Everyday Is Play

2 Projects for the Videogame-Obsessed

Books Kickstarter Movies Videogames

Everyday Is Play

Many of us grew up with videogames; our kids are certainly growing up in a world where videogames are a given. But for those of us in our thirties and forties, something else is true: videogames grew up with us, and for that reason I think we feel a special bond with videogame culture. Here are two projects that I think videogame fans will appreciate.

Matthew Kenyon is a graphic designer in the UK who happens to be obsessed with videogames, which inspired him to create Game Paused to promote videogame culture. His current project is entitled Everyday Is Play—it’s a hardcover book celebrating videogames, from game-inspired fan art to interviews to game mods.

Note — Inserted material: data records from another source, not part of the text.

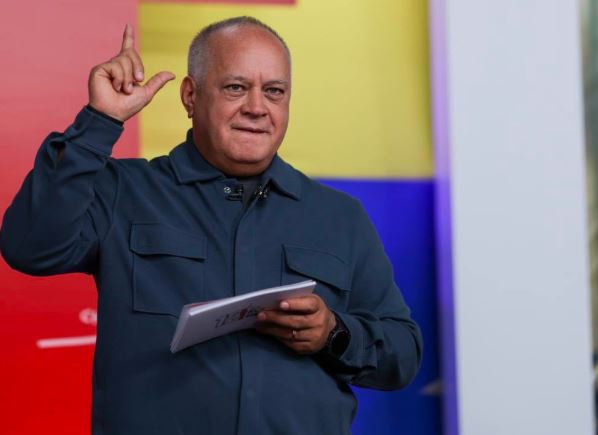 Diosdado Cabello arremete contra plan educativo de María Corina Machado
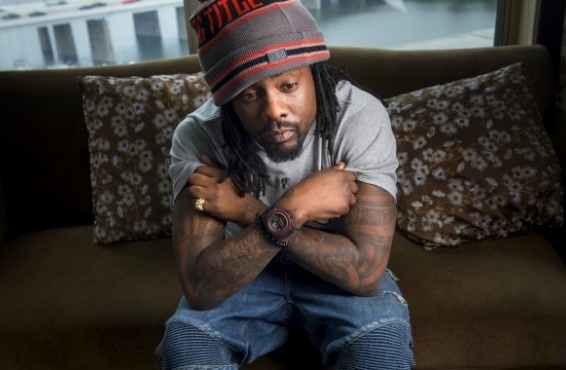Wale se tatúa los rostros de Tupac y Biggie en sus piernas
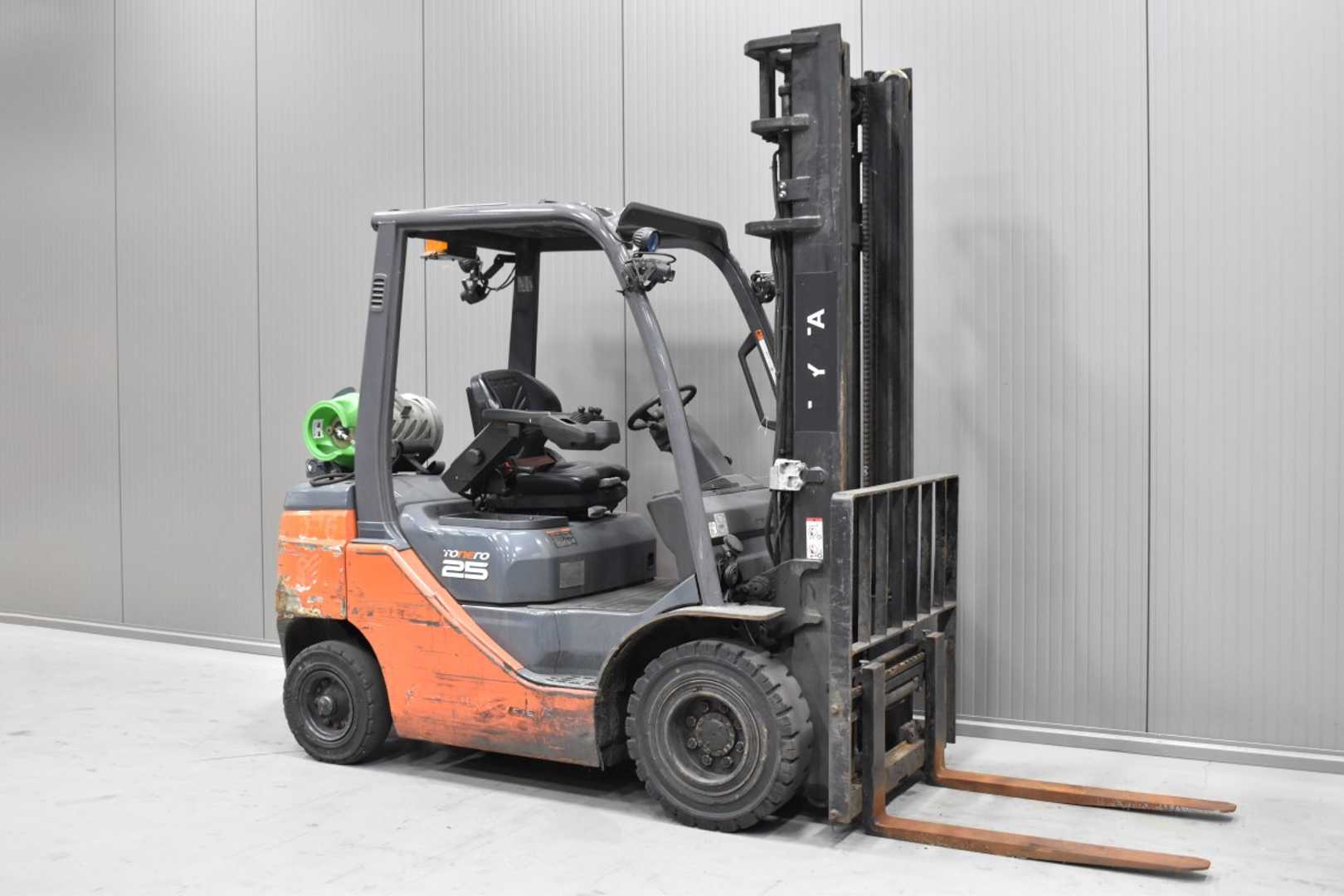 Použité vysokozdvižné vozíky TOYOTA 02-8FGF25 /58302/ GAS VIERRADFRONTSTAPLER (13069551)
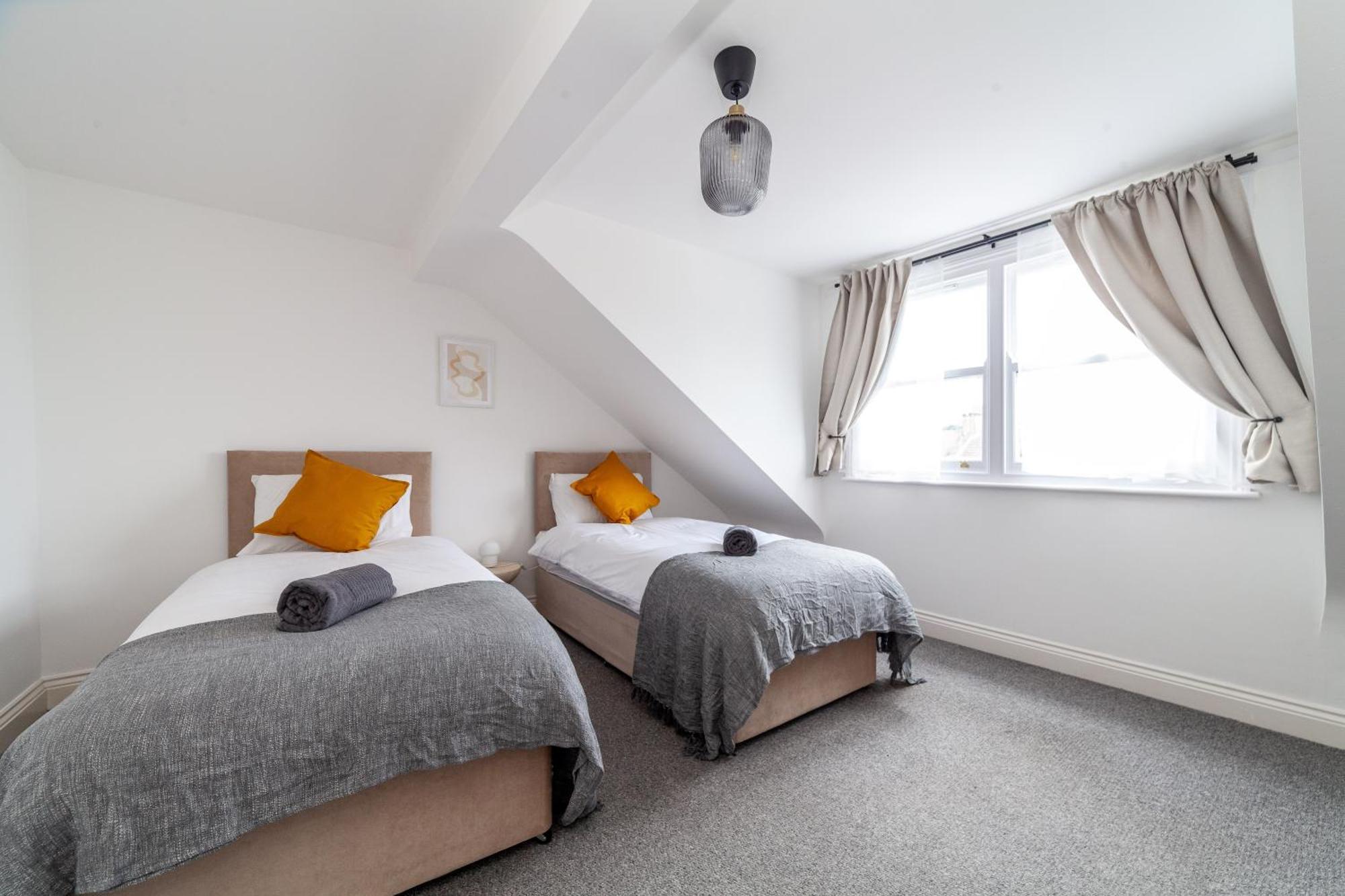 Arte Serviced Stratford - 3 Bedrooms 2 Bathrooms London, Stratford, Maryland, Free Parking, Garden, Weekly Or Monthly - Up To 8 Guests Feriehus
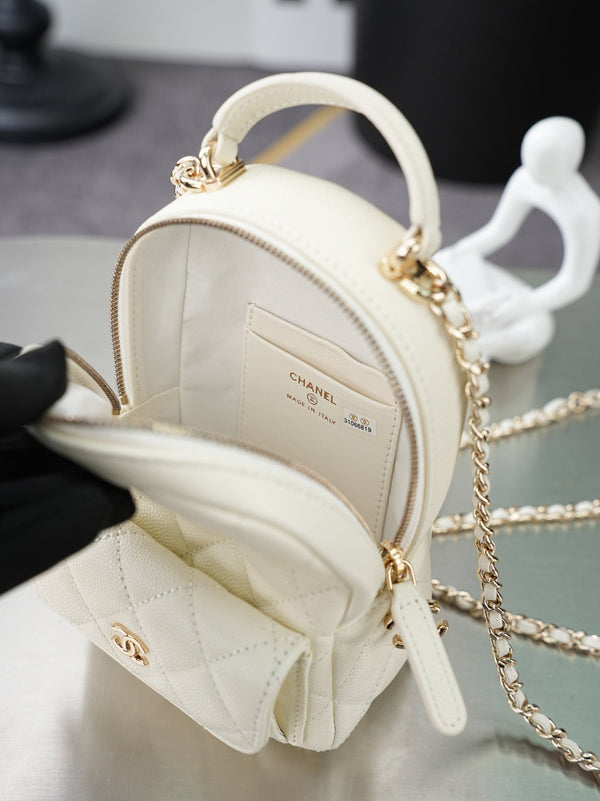 CC ๐จ๐ท๐๐๐๐ Mini Backpack White Caviar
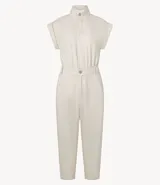 Mono largo color crema de sarga de algodón con elastano, cuello alto con botón, sin mangas, bolsillos laterales y trabillas en la cintura.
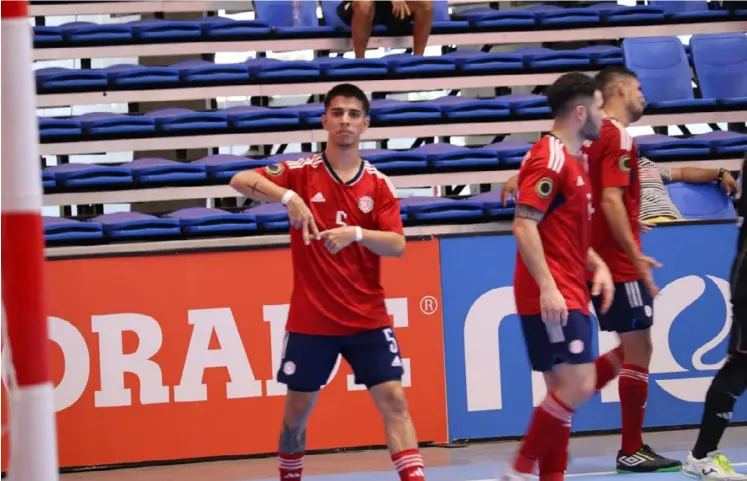  ?? FCRF ?? Jean Carlo Salas marcó ayer una de las dianas de la Selección de Costa Rica de Fútbol Sala contra Surinam.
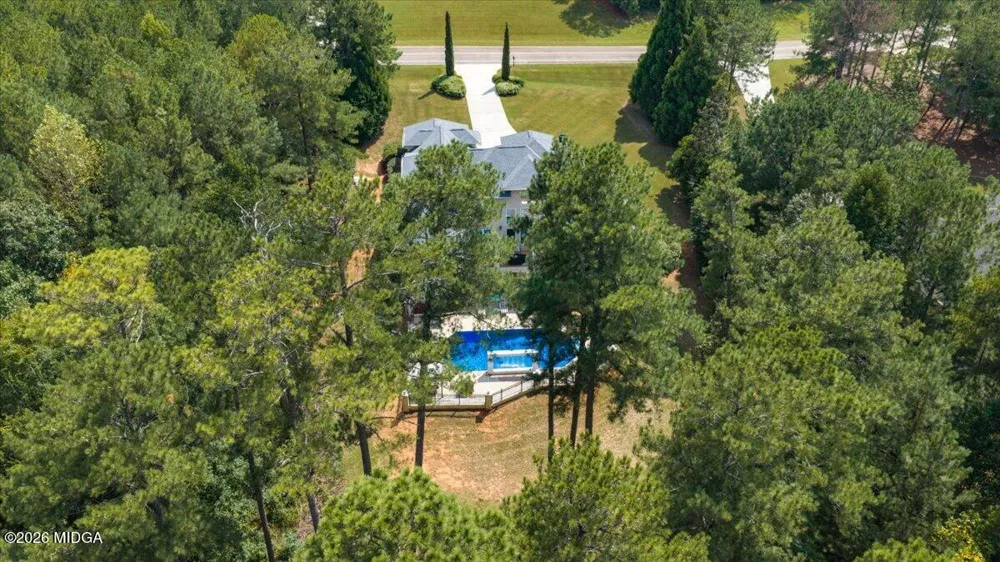 124 Fairway Run Forsyth, GA 31029
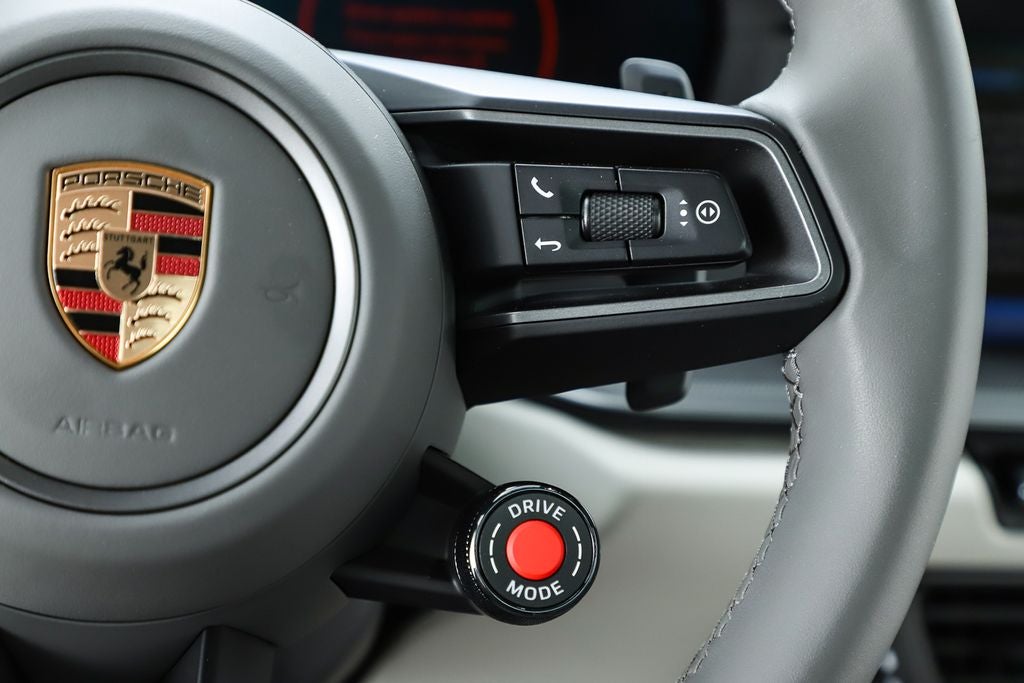 2025 Porsche 911 Carrera S
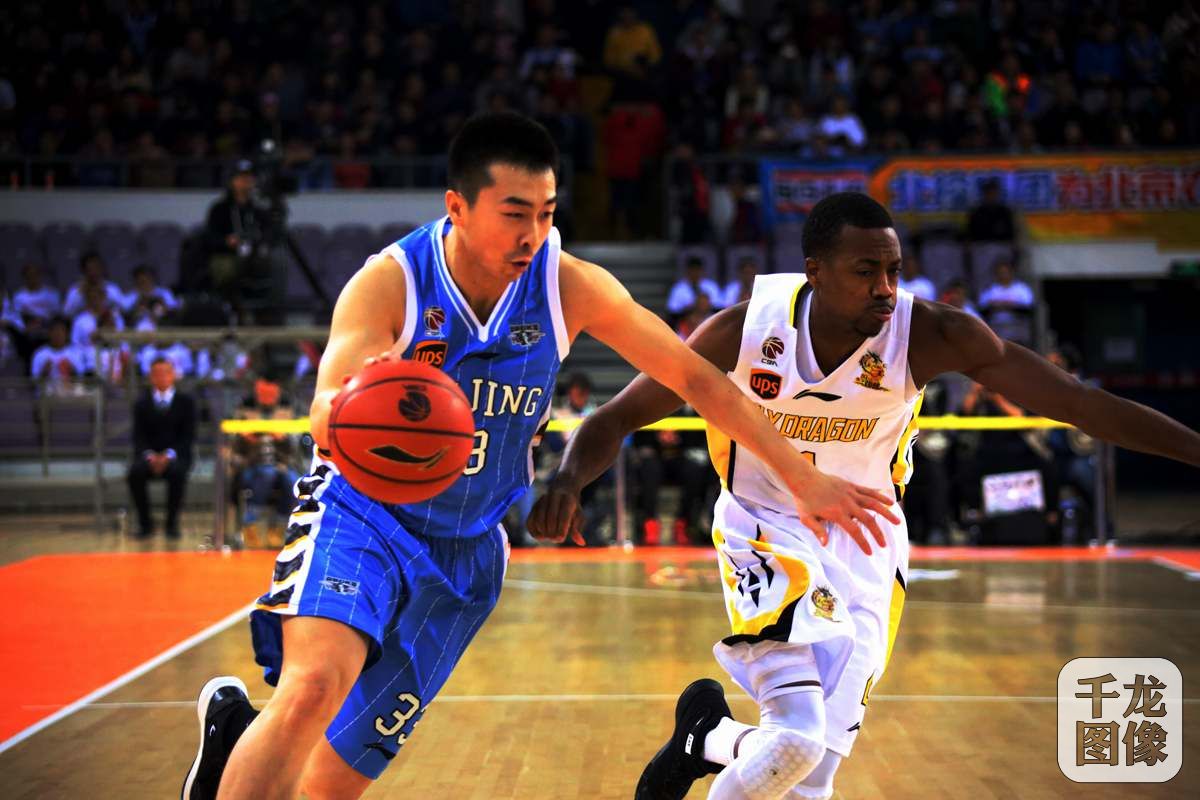 北京时间1月11日，2016-2017赛季CBA常规赛第26轮，北京德比在国家奥林匹克体育中心体育馆上演。北京队在客场以92-87力克北控拿下德比战。图为比赛现场。千龙网记者 石凝摄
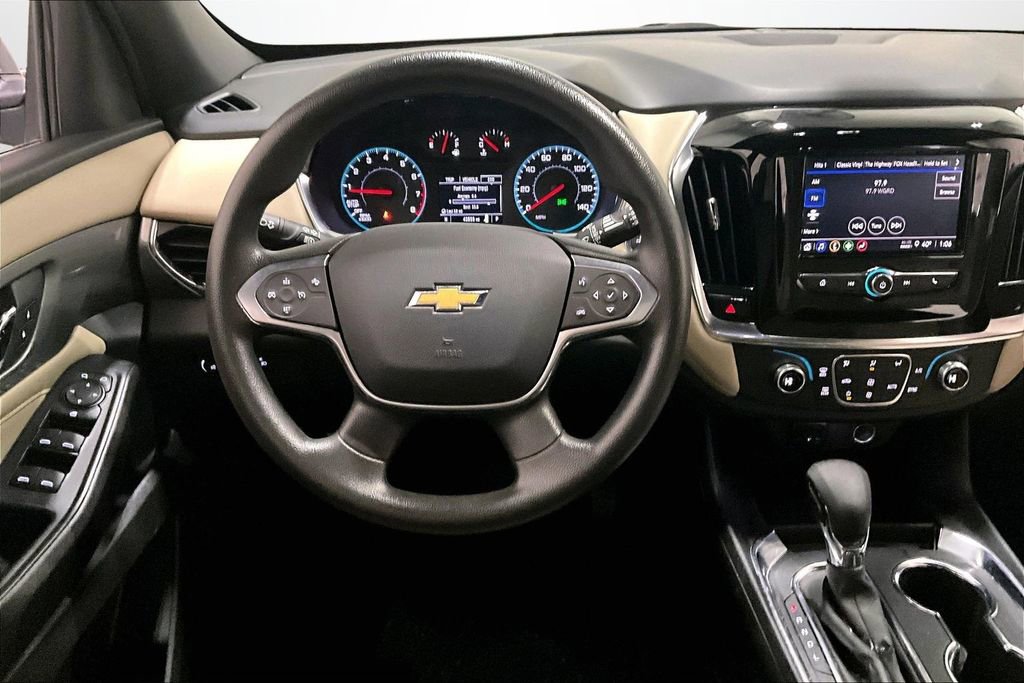 Used 2023 Chevrolet Traverse LS w/ Safety Package image 8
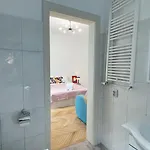 Pinkfluid - Charming In Prime Location 布加勒斯特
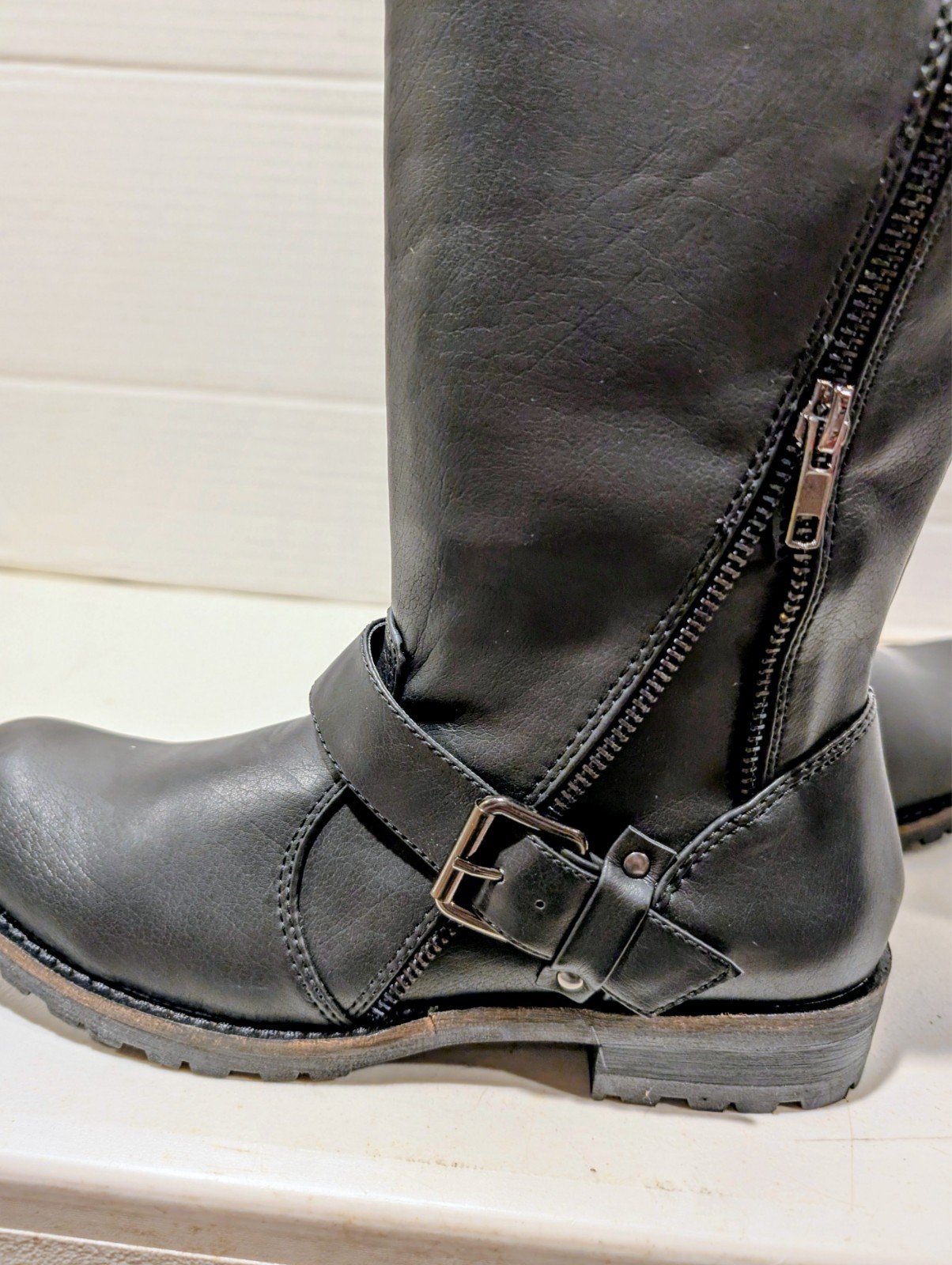 Brand New Very Volatile Women’s Black Clyde Knee High Zip Boot Many Sizes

What’s more, you can submit your own work for Everyday Is Play. The deadline is August 9, 2013, and there’s a list of the types of work Kenyon has in mind (which includes crafts, chiptunes, speed-runs, photography, and more). Kenyon plans to release Everyday Is Play toward the end of the year. I’m looking forward to seeing how it turns out! The NES Club

And here’s one especially for fans of Nintendo: The NES Club, a documentary currently seeking funding on Kickstarter. Jay Bartlett is a game enthusiast with the goal of collecting all 700+ published games for the Nintendo Entertainment System in 30 days—and Rob McCallum is planning to follow him and document the journey.

I should make it clear: the money raised by the Kickstarter campaign is not for Bartlett to pay for the games themselves. He’s using his own money, and the funding goes toward the making of the documentary as they follow Bartlett, and if necessary for travel to interview other people connected to Nintendo and this quest.

Bartlett has set himself one interesting rule: no online purchases allowed. I suppose it makes for a more interesting story than “Well, I managed to find 650 of them on eBay” but it does feel a bit unnecessarily difficult. Then again, what would be more appropriate to gaming culture than making arbitrary rules you have to abide by? I don’t know how likely it is for Bartlett to hit his goal (he says about 80% in the video) but if the Kickstarter campaign succeeds then we’ll be able to see the results, whatever they are.